Hoy, en este sentido, aparece un interesante trabajo de Máriam Martínez-Bascuñán, tratando precisamente este punto en el que señala: “Un Trump creado con IA pilota un caza con las palabras King Trump grabadas en el costado, sobrevuela manifestantes y les arroja excrementos. Parece claro que no estamos ante un político que oculta su crueldad, más bien la convierte en espectáculo. La obscenidad del gesto no es accidental; es el método. Trump no defiende valores tradicionales para violarlos en secreto: exhibe abiertamente su desprecio por las normas democráticas y sus seguidores lo celebran precisamente por eso. Lo que nos parece un colapso moral es, en realidad, una tecnología de poder sorprendentemente eficaz: la obscenidad performativa como estrategia política.
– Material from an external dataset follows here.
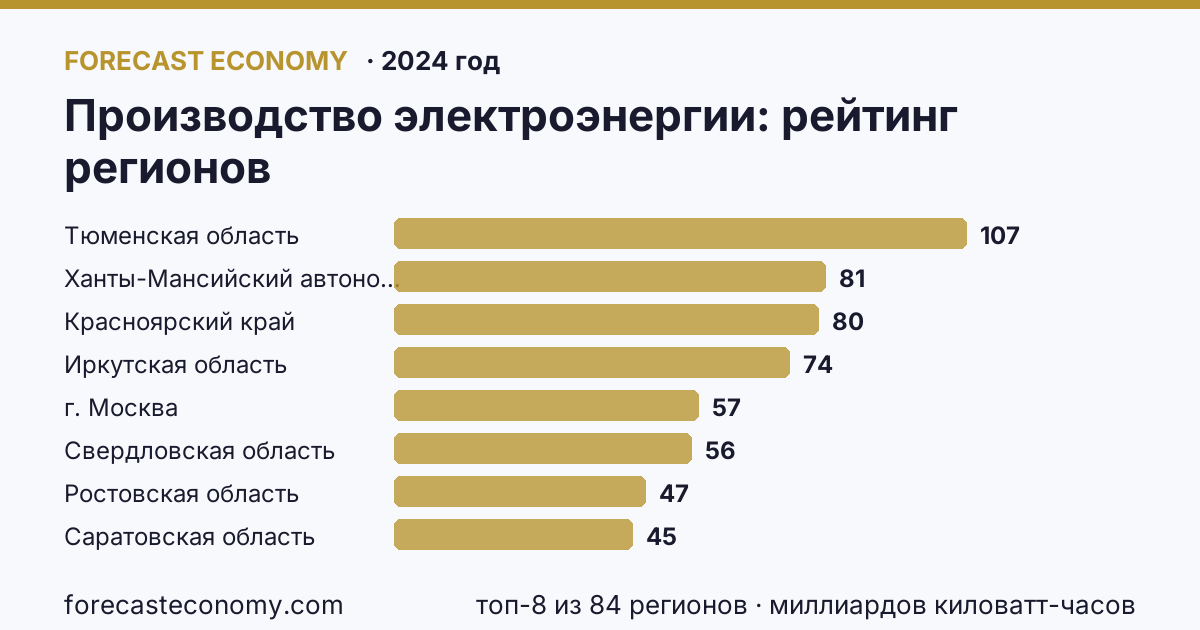 Производство электроэнергии по регионам России — карта и рейтинг, 2024 год, лидер — Тюменская область (107 миллиардов киловатт-часов)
No hay máscara ni doble moral. Sus seguidores no se engañan, más bien lo siguen porque desprecia abiertamente la moralidad. Y funciona. ¿Por qué? Tal vez genera un tipo particular de vínculo político, el goce compartido en la transgresión, porque cuando Trump viola las normas insultando, humillando o desafiando leyes, no está cometiendo errores políticos, sino ofreciendo a sus seguidores una experiencia de liberación, la fantasía de que ellos también podrían desafiar las restricciones que perciben como opresivas”.
Realmente Máriam Martínez-Bascuñán da en el clavo, que párrafo más contundente y clarificador de lo que venimos diciendo arriba. Agrega esta escritora: “Para mucha gente, normas democráticas como la corrección política, los derechos o la institucionalidad ya no representan una protección sino una limitación que Trump promete destruir. Cada acto de crueldad explícita confirma que él, efectivamente, lo hará. La obscenidad no lo debilita, lo hace más auténtico, y lo peor es que su sadismo nos arrastra a un terreno elegido por él: cada denuncia moral, cada protesta, alimenta el espectáculo. La atención mediática que genera, incluso siendo crítica, amplifica su mensaje: “Desafío todo lo que ustedes defienden, y puedo salirme con la mía”. El escándalo no es un efecto secundario, es el combustible. Cuando siete millones de personas salen a las calles defendiendo el Estado de derecho y el presidente defeca virtualmente sobre ellas, no estamos ante un error de comunicación. Trump declara que el lenguaje político de la dignidad ciudadana, la deliberación y el respeto mutuo ya no tiene poder vinculante para él. Sus seguidores entienden perfectamente el mensaje: “Esas reglas son para perdedores”.”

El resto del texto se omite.